Dateline: Wednesday. Birthday coming up in less than a week.  Driver’s license renewal.  Fastest time ever at the DMV – in and out.  Worst. Picture. Ever.

Not this bad.

Not this bad.

“I need an override,” the woman at the camera station called out to her supervisor.

“What, my face broke the camera, ” I mumbled half-heartedly. The supervisor smiled, clickety-clacked on the computer keyboard and replied, “Only cracked it.”  After she left I asked Camera Woman, “No, really – what did you need to override?”

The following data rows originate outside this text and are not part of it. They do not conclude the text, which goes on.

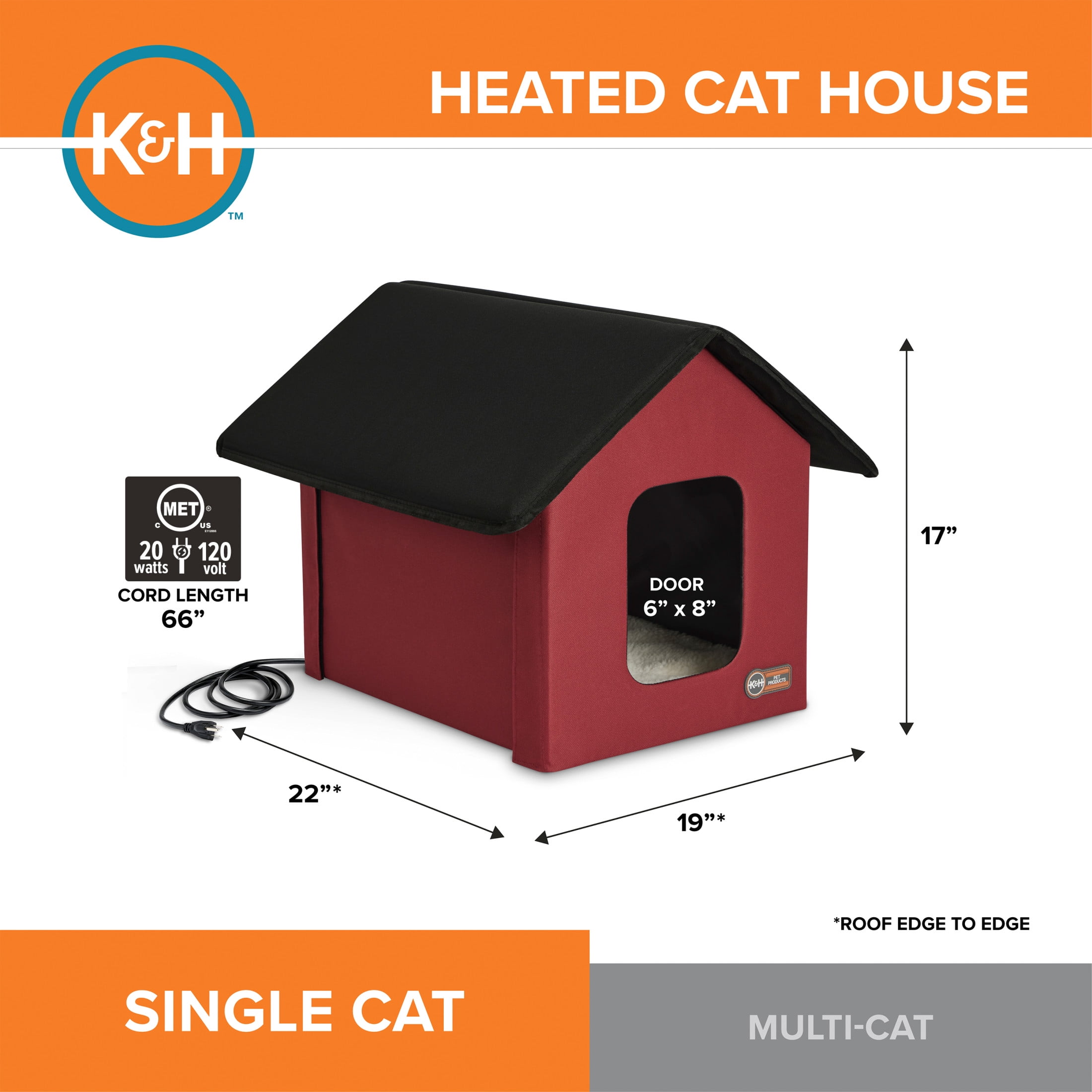 K&H Pet Products Outdoor Heated Cat House for Outdoors Cat Shelter Red/Black 22 X 19 X 17 Inches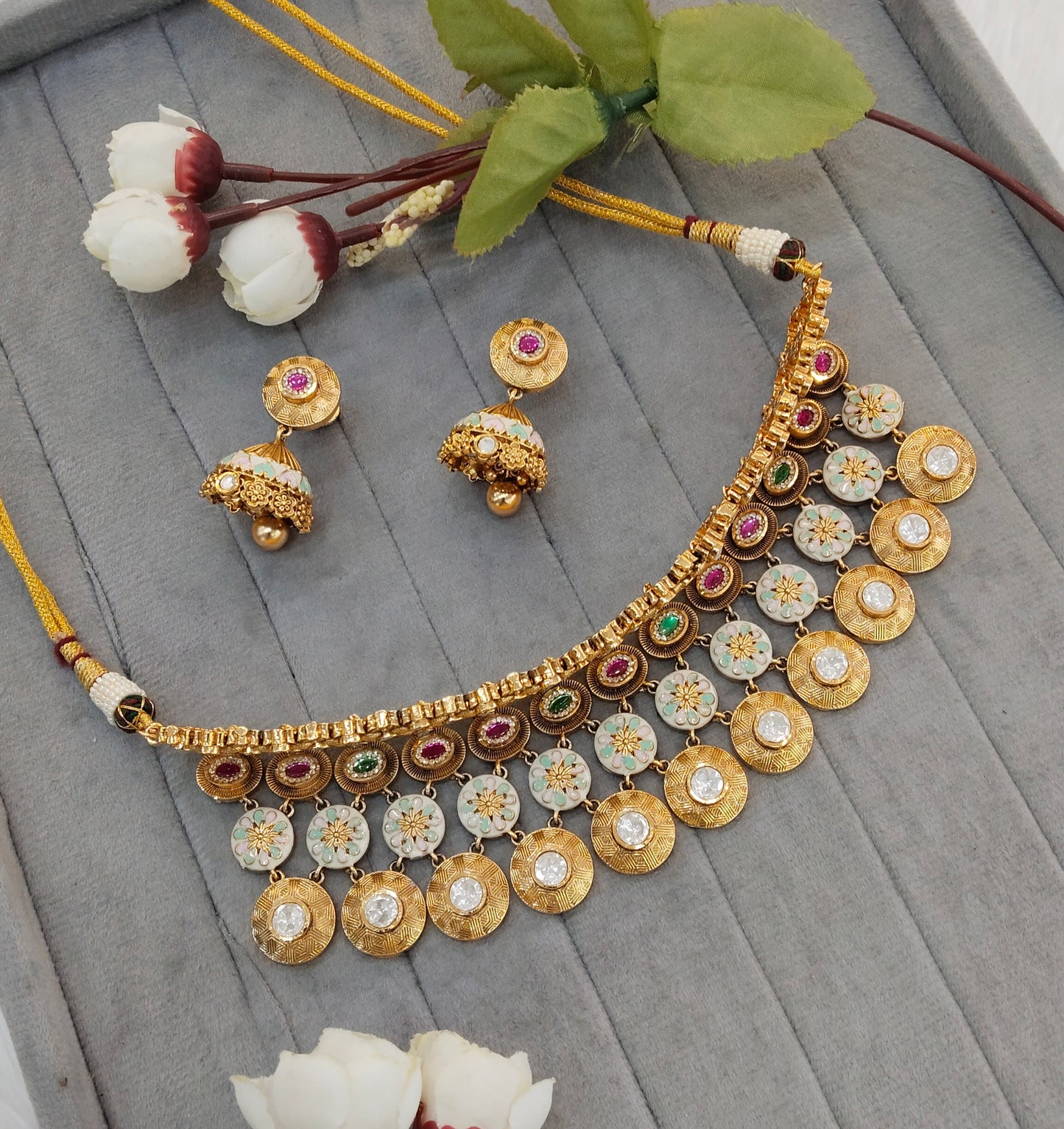 Ruby Green Gold Polki Choker Indian Jewellery Kishu Set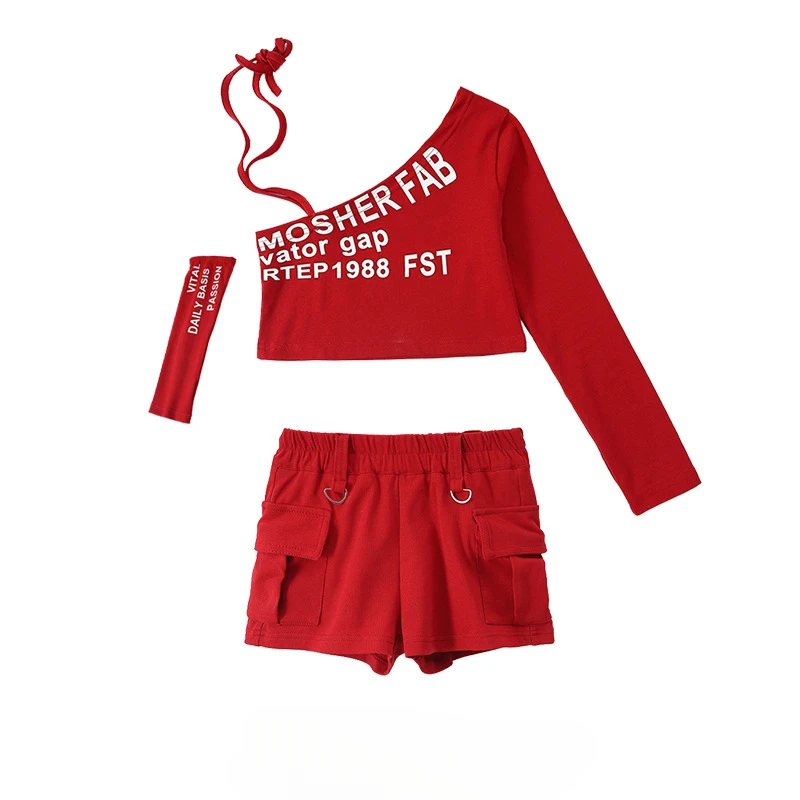 여자 재즈 댄스 의상 그룹 재즈 패션 정장 힙합 의류 레드 블랙 원 숄더 자르기 탑 T 셔츠 스웨트 팬츠 반바지 세트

“When there’s a discrepancy with your past picture, the computer calls for a compare.”  It seems the DVS’s picture processing software is sophisticated enough to opine, “There’s no way this can be the same person…and even if it is, holy facial recognition software, do people have no pride?  She could have at least brushed her hair; oh yeah, lady, but it’s raining outside yada yada yada, nice try with that excuse….”

Really.  A bad picture.

Almost this bad.

Almost this bad.

*   *   *

That was no way to start a Wednesday, or any day, but especially the second Wednesday in December, which was my annual Ladies’ Lefse Party.  But, the day was soon redeemed

Returning home from the DMV, still pissed about the picture incident [2] I decide to play a word game to calm myself down before getting down to work.  It’s the little things that matter, you know?  Like the oh-so-special feeling I get when playing Jumble Jong and I get an AWESOME! message plus bonus points for using the available tiles to spell the word, smuttily.

Also, there was the lefse party.

Lady Marmalade, just some of the Lucky Ladies invited to the Ladies Lefse Party.

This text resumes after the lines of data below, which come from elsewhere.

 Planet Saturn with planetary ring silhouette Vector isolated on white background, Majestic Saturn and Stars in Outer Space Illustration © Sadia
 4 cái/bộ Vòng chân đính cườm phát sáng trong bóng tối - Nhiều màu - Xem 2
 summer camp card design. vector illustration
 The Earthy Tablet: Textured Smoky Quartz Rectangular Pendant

Lady Marmalade, just some of the Lucky Ladies invited to the Ladies Lefse Party.

*   *   *

Department of Pretend There Was An Artful Segue

Friend fellow writer and self-described reluctant homeschooler [3] SCM has had trouble “finding her tribe” as she put it… as so sharply evidenced by a local homeschooling list serve posting she sent me (to which she has since unsubscribed), which she titled, From the “I can’t make up this shit” files…

(my emphases)

Messages: Classic Literature I don’t let my kids read.
Posted by: (redacted)[4]
I had a frank discussion with my kids literature teacher after one of my own picked up Grapes of Wrath, which I’ve never read, and read it during our reading time, not outloud. Apparently there are some rather gratuitous love scenes in there or at least one. Never having read it, I’m kicking myself for having trusted the many “classic literature” lists that I’ve printed and clung to while shopping for books to build our home library with.

 I emailed their teacher my list and she went through it and marked the ones that were safe, the ones that weren’t, and the ones she either couldn’t remember or hadn’t personally read. What an eye opener! For starters, here are the ones we removed from our shelves because of such love scenes.

 1984
Candide
Grapes of Wrath 

I’m sure there will be others, but this is just a startling starting point. I don’t mind an occasional bad word or even a string of bad words.

It’s the erotic love scenes that disgust me when I think of my teenage son picking up and reading from material I HAVE PROVIDED! It’s sad to think about the books they’ll be missing out on because of unnecessary inappropriate scenes.

If you know of other not-so-classy “classics”; I would steer away from that are usually found on classics lists, please let me know.

advisorypng

Holy fucking inappropriate love scenes.

I mean, objecting to “love scenes”? In “classic” literature, that you yourself admit you’ve NEVER READ?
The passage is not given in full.